Angelika M.-Sz. nie potrafiła odpowiedzieć na pytanie sędziego. Twierdziła, że sumiennie pracowała w firmie, w której 2 tys. osób co miesiąc - płacąc za pakiet telewizji kablowej - wpłacało średnio 30 tys. zł.

Według śledczych, oskarżona przyjmowała wpłaty od osób, którym drukowała na komputerze dowody wpłaty, a których nie rejestrowała w programie komputerowym. Ponadto okazało się, że niektórzy interesanci mieli te same numery druków KP, czyli dowodów wpłaty.

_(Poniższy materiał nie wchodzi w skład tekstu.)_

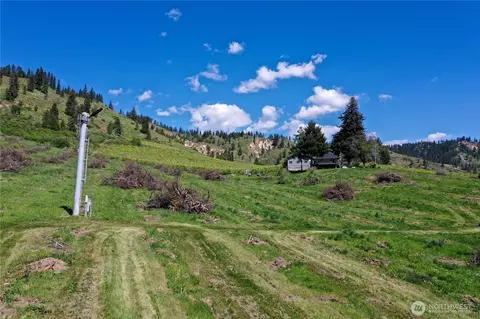 1 Ludwig Hill Rd, Peshastin, WA 98847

Angelika M.-Sz. ma wyższe wykształcenie. Jest specjalistką ds. stosunków społeczno-politycznych. Jej obowiązki jako kasjerki polegały m.in. na przyjmowaniu miesięcznych opłat za telewizję kablową i rozliczeń kasowo-bankowych. Sprawowała też nadzór nad kasetką z pieniędzmi.

W kwietniu 2009 roku udała się na urlop macierzyński. Jej obowiązki przejęła księgowa, która stwierdziła, że kartoteka prowadzona jest chaotycznie i zawiera wiele nieścisłości. Kontrola wykazała braki w kasie.

Według śledczych, oskarżona w latach 2006 - 2009 ukradła 221 tys. 827 zł.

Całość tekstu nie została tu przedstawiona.